Please output the line containing "BRONZE VASE NO DENTS ARTIST SIGNED ON BOTTOM" and all lines that follow it in the data below, exactly, with no pictures.

* [Dataset content]
_ _ _ _
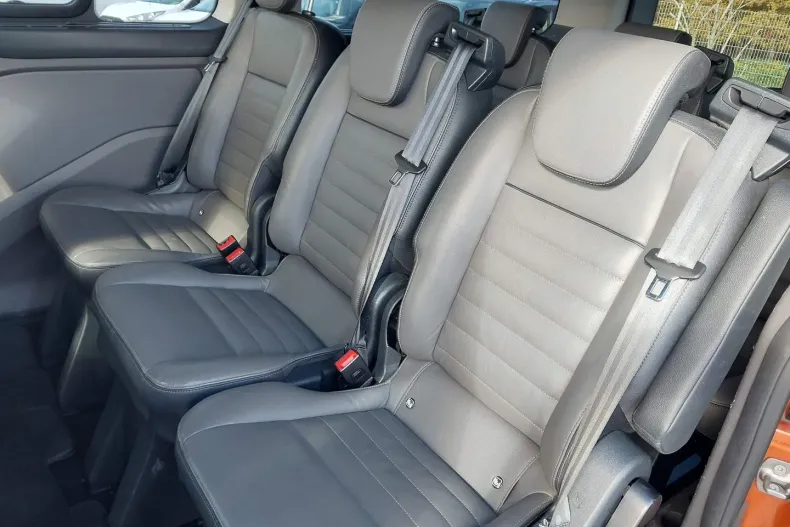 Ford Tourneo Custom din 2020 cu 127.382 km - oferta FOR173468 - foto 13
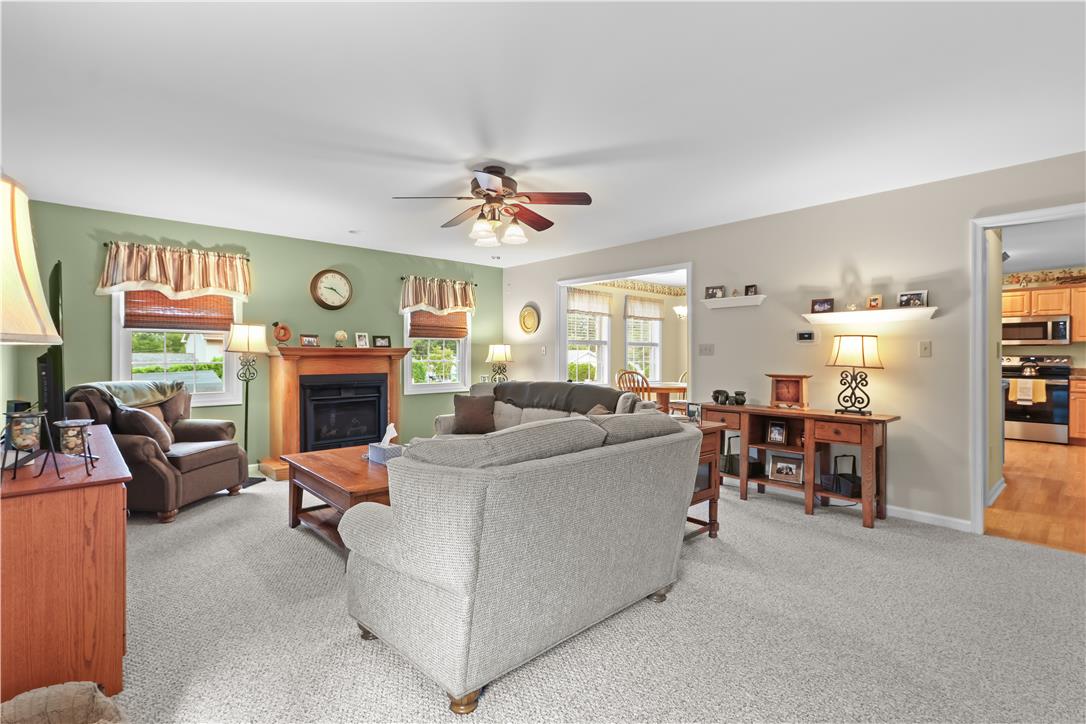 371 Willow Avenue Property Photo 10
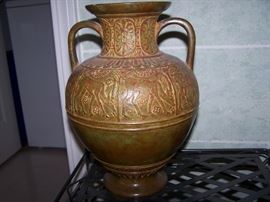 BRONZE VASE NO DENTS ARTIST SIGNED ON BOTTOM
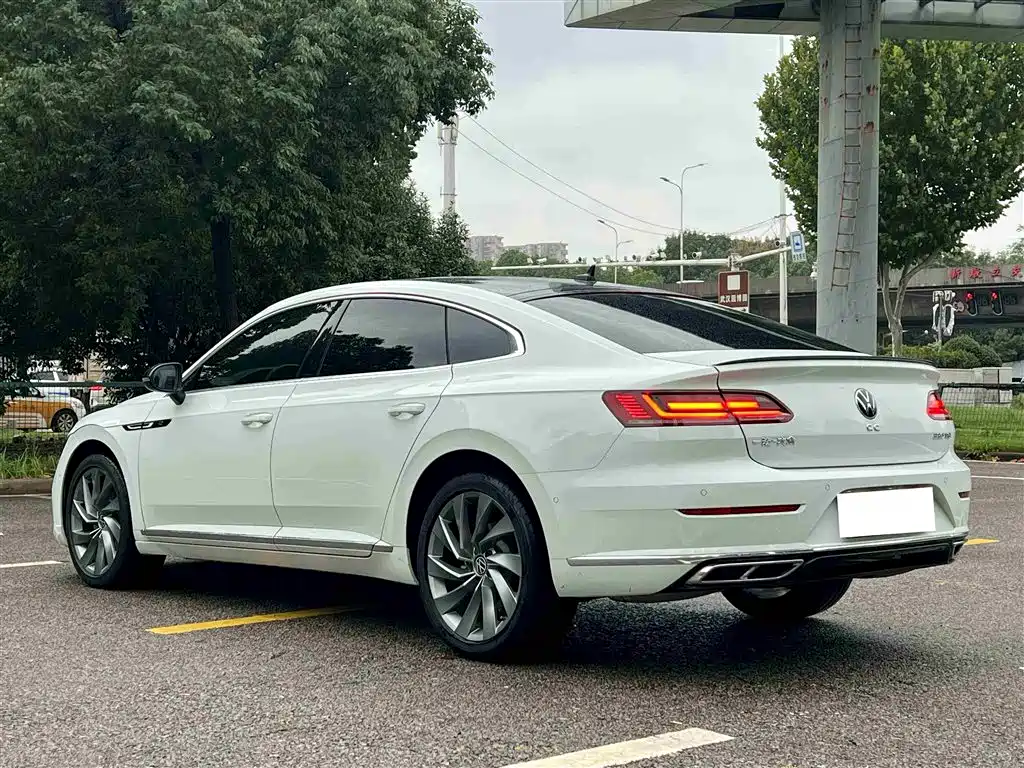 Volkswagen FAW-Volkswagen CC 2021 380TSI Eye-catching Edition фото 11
_ _ _ _
* [Output for this exercise]
 BRONZE VASE NO DENTS ARTIST SIGNED ON BOTTOM
 Volkswagen FAW-Volkswagen CC 2021 380TSI Eye-catching Edition фото 11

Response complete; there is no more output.